Projects fell into seven main categories.

  1. Individual Re-Identification: Associating images of the same animal taken from various cameras, locations, and times. The two relevant projects were: (1) re-identifying bears, (2) re-identifying Iberian Lynx.

  2. Regression: Assigning a continuous number to an image or video. The one relevant project was: (1) analyzing wind speed from overhead drone video of trees.

  3. Classification: Categorizing or labeling images or parts of images from a fixed collection of categories. The six relevant projects were: (1) determining presence or absence of lemur vocalizations, (2) beaked whale species classification from echolocation clicks, (3) bumblebee species and caste classification from flight sounds, (4) assigning ants to size categories, (5) identifying weather conditions from camera trap images, and (6) species identification in urban camera traps. Note that projects (1), (2), and (3) used computer vision techniques to classify images (spectrograms) that represent audio signals.

  4. Object Detection: Locating instances of objects in images or videos. The four relevant projects were detecting: (1) piospheres, (2) woodland draws, (3) flies, and (4) waterfowl. Projects (3) and (4) use detection as an intermediate step towards counting.

  5. Segmentation: Classifying pixels based on their semantic characteristics. The three relevant projects were segmenting: (1) walrus groups in the Arctic, (2) permafrost, and (3) trees. All projects were based on remote sensing imagery.

  6. Clustering: Grouping objects together according to some notion of similarity. The one relevant project was: (1) determining the species richness of an area using the number of clusters in a collection of camera trap imagery.

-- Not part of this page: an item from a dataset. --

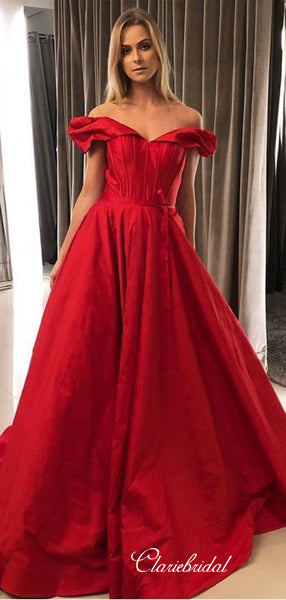 Off Shoulder A-line Evening Party Prom Dresses, Popular Newest 2020 Long Prom Dresses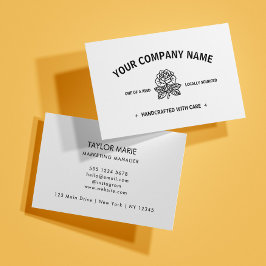 Moderne Rose | Maßgeschneidertes Schwarz/Weiß Visitenkarte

  7. Super-resolution: Increasing the resolution of an image. The one relevant project was: (1) increasing the resolution of land surface temperature data using satellite imagery.

Appendix B Key Topics

In this section we catalog topics that many of our participants learned during the workshop, either through formal instruction or on their own. We emphasize tools and concepts that were initially unfamiliar to most participants. For each topic, we describe the content and explain why it was important for our participants. See also the list of lectures in Appendix C.

b.1 Tools

b.1.1 Annotation Tools

Content: Using annotation tools to label image [8, 3] or audio [2] data.

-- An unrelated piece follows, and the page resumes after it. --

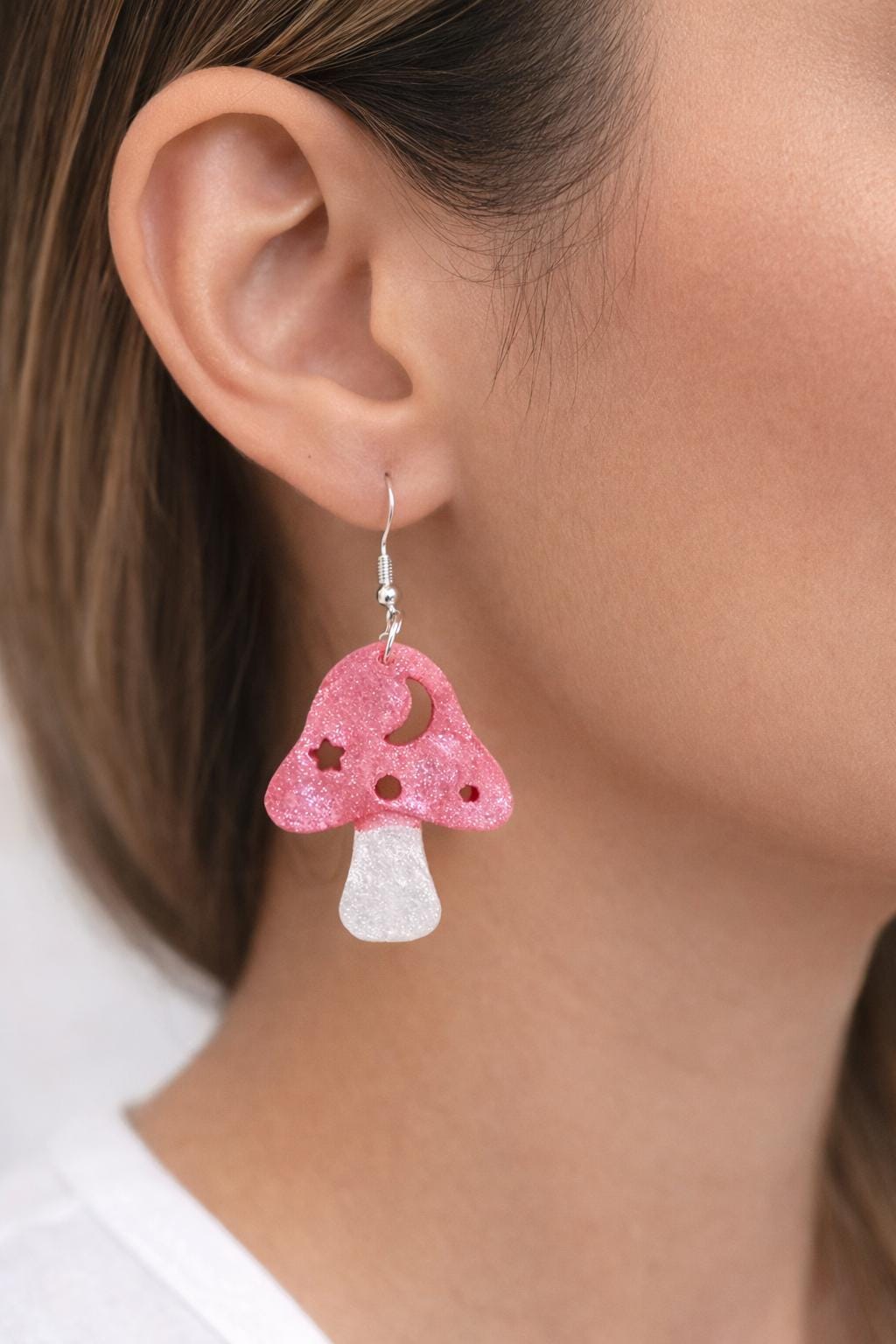 Red Glitter Mushroom Earrings with Celestial Cutouts – Whimsical Resin Jewelry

: Labeled data is essential for training and evaluating computer vision algorithms. Since CV4E Workshop participants were using their own data, many of them needed to learn to use some sort of annotation tool. Furthermore, many of these tools can export labels in the standard formats expected by open-source computer vision libraries.

b.1.2 Unix Commands

Content: Common Unix commands like ls, pwd, rm, mkdir, rmdir, mv, cat, head, tail etc. Occasionally, less common commands like chmod or grep.

Motivation: Facility with Unix commands is crucial for installing packages, working with virtual machines, and using revision control. Understanding Unix commands also helps to build intuition for core concepts like absolute vs. relative paths.

b.1.3 Terminal-Based Text Editing

Content: Tools like nano for editing text that is stored on a server from the command line.

Motivation: When configuring SSH authentication it is often necessary to edit text files on the VM (e.g. /.ssh/config).

b.1.4 Terminal Multiplexing

Content: Tools like tmux or screen for managing terminal sessions.

Motivation: Long-running code (e.g. model training in PyTorch) should be executed in a terminal session that is decoupled from the SSH connection to avoid being terminated when a laptop is closed or internet connection is lost.

b.1.5 Ssh

Content: The ssh command and SSH keys. Occasionally, SSH tunneling.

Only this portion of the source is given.